# Election Calculator Model Selection
author: gwiazdan  
date: 27-06-2025

In [1]:
import sys
sys.path.append('scripts')
from IPython.display import Markdown, display
from formating_features import format_scientific_notation, format_time
from combination_generating import generate_results
from function_fitting import function_fitter
from functions import linear_function, improved_linear_function, linear_splines, pchip_interpolation
ff = function_fitter(2)
possible_results = generate_results(ff.keys)

## Table of Contents


1. [Introduction](#Introduction)
2. [Overview of the problem](#overview-of-the-problem)
3. [Proposed solutions](#proposed-solutions)

# Introduction


## Project Purpose ❓
The project was initiated to address the problem of calculating vote distribution at lower administrative levels.

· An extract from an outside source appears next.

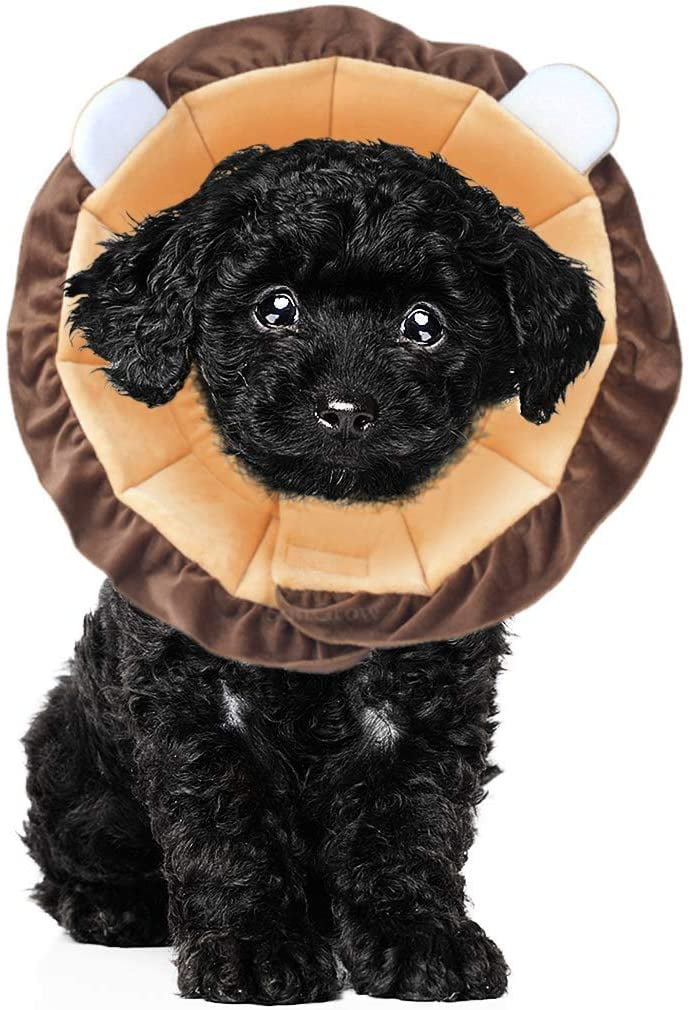 Lion mane dog cone cheap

It was never intended to create calculator based on small samples or any other regressional models - such precission is unnecessary. The whole project is to be more like a a general-purpose tool, used to get some insight into how votes may be distributed - not the most accurate distribution achievable.
## Solution finding 🔍
The search for an optimal function will be guided by the following criteria:
- Minimization of the mean squared error (MSE) relative to summed up votes,
- Acceptable computational efficiency (not too time-consuming to calculate).

# Overview of the problem


## Mathematical theory 📄

Assume that the vote percentage grows according to a function $f$. Function $f$ takes the **countrywide vote percentage** as an argument and returns the **local vote percentage**. Each function may differ from other functions related to different constituencies. Therefore, it might be convenient to assume that each function belongs to a **function space** $F$, where $f_n \in F, n \in N$, and $N$ is a finite discrete set of territorial unit identifiers.

Each territorial unit $n \in N$ has a 2-tuple $(a_n, b_n)$, where $a_n$ is the "weight" of the territorial unit (total votes), and $b_n$ is a historical reference value that describes the status quo. Then, it is possible to say that $\displaystyle \sum_{n\in N} a_n f_n(x) = a_{total} x$.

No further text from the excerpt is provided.